WHAT TO DO: Pictures appear in the records below; write out everything else exactly.

= = = = = = =

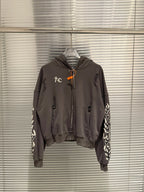 Thug Club Distressed Zip Hoodie with Flame Sleeve Embroidery, Unisex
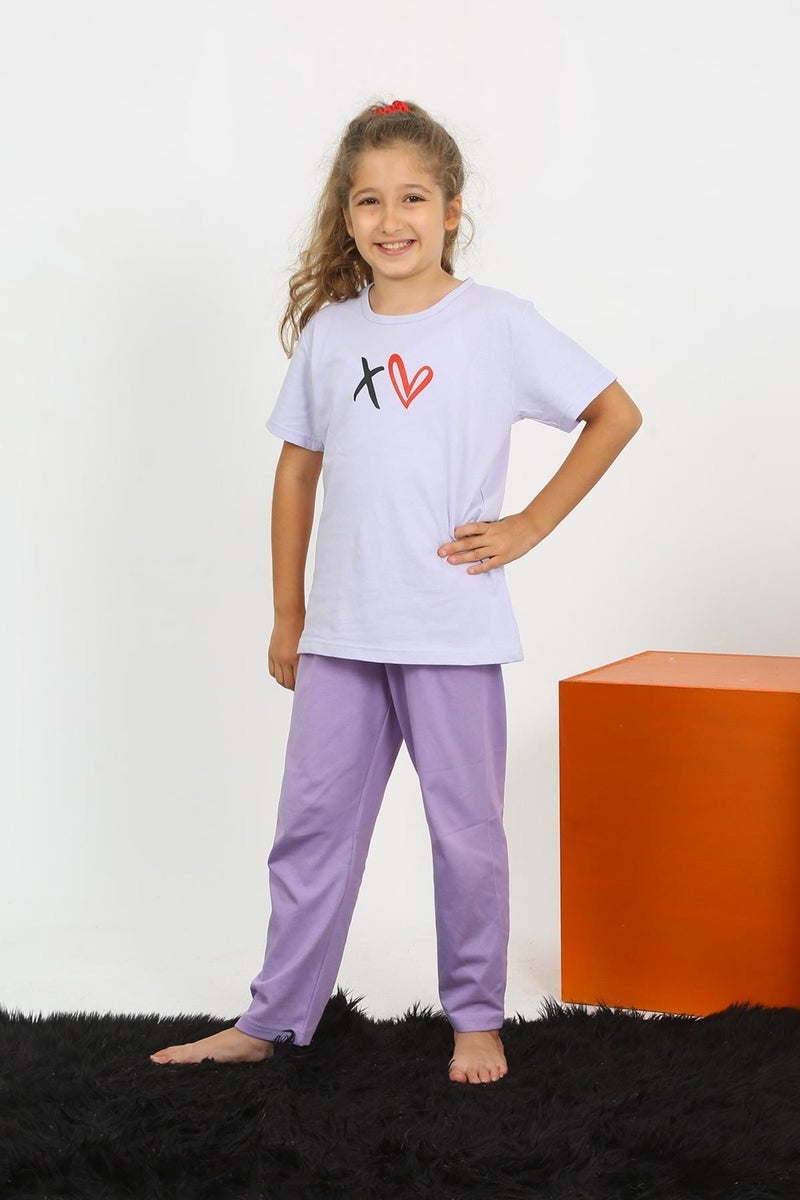 Girl's Short Sleeve Lilac Combed Cotton Pajama Set 20432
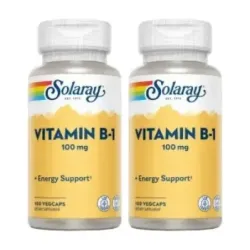 Solaray B1 100 mg Duplo, 2 x 100 cápsulas vegetales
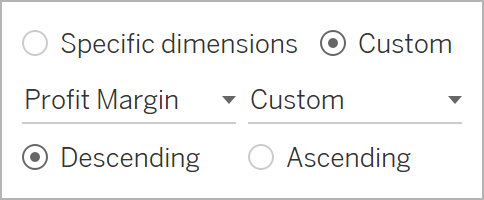 Sort Order - Custom - Descending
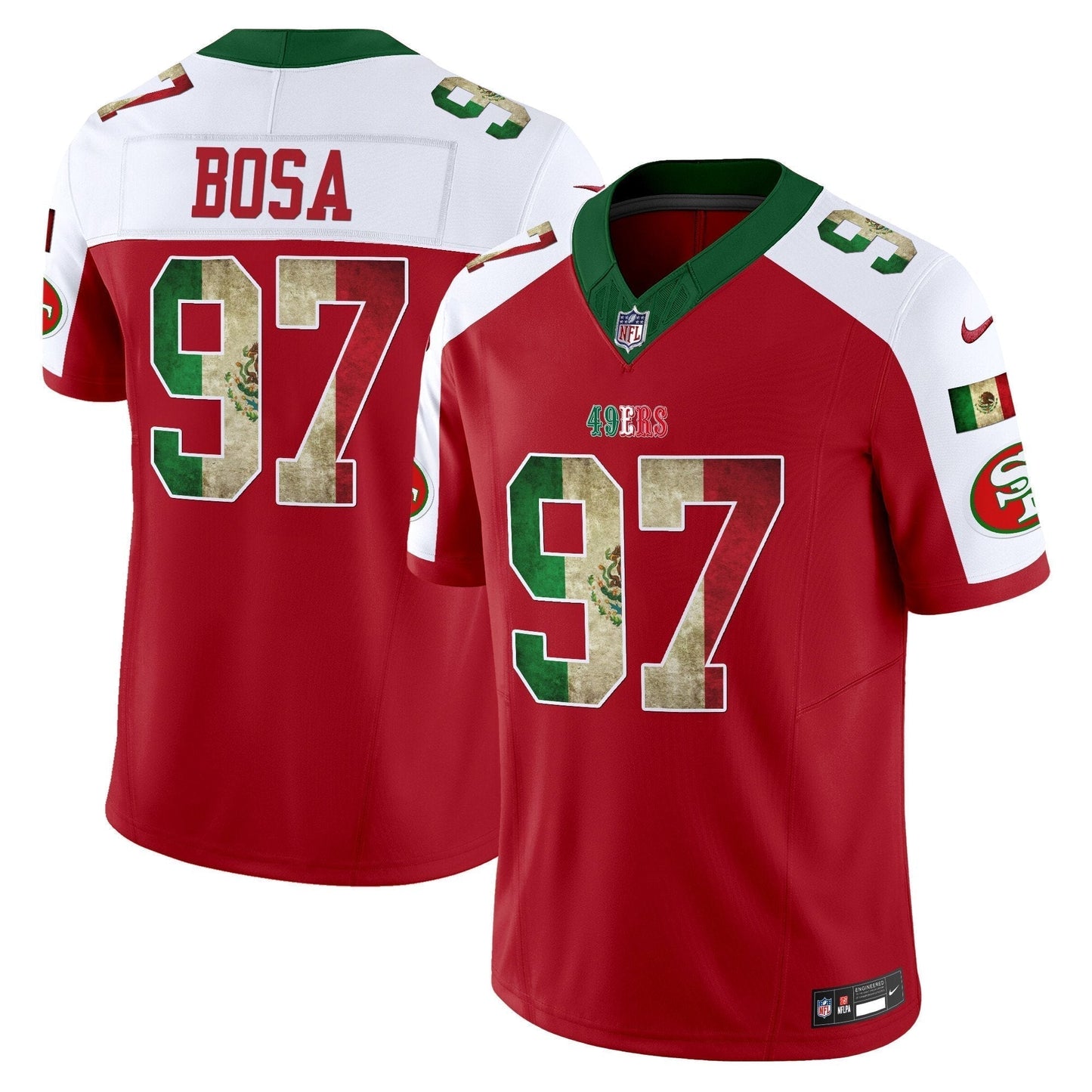 49ers Mexico 80th Anniversary & 5X Champs Jersey - Stitched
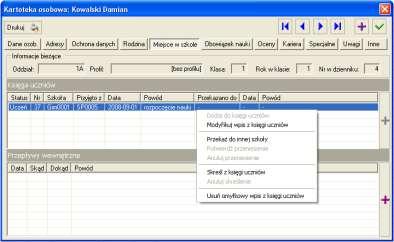 Miejsce ucznia (słuchacza) w szkole Miejsce ucznia (słuchacza) w szkole Jest to jedna z ważniejszych kart kartoteki ucznia (słuchacza).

= = = = = = =

ANSWER SPACE:
 Thug Club Distressed Zip Hoodie with Flame Sleeve Embroidery, Unisex
 Girl's Short Sleeve Lilac Combed Cotton Pajama Set 20432
 Solaray B1 100 mg Duplo, 2 x 100 cápsulas vegetales
 Sort Order - Custom - Descending
 49ers Mexico 80th Anniversary & 5X Champs Jersey - Stitched
 Miejsce ucznia (słuchacza) w szkole Miejsce ucznia (słuchacza) w szkole Jest to jedna z ważniejszych kart kartoteki ucznia (słuchacza).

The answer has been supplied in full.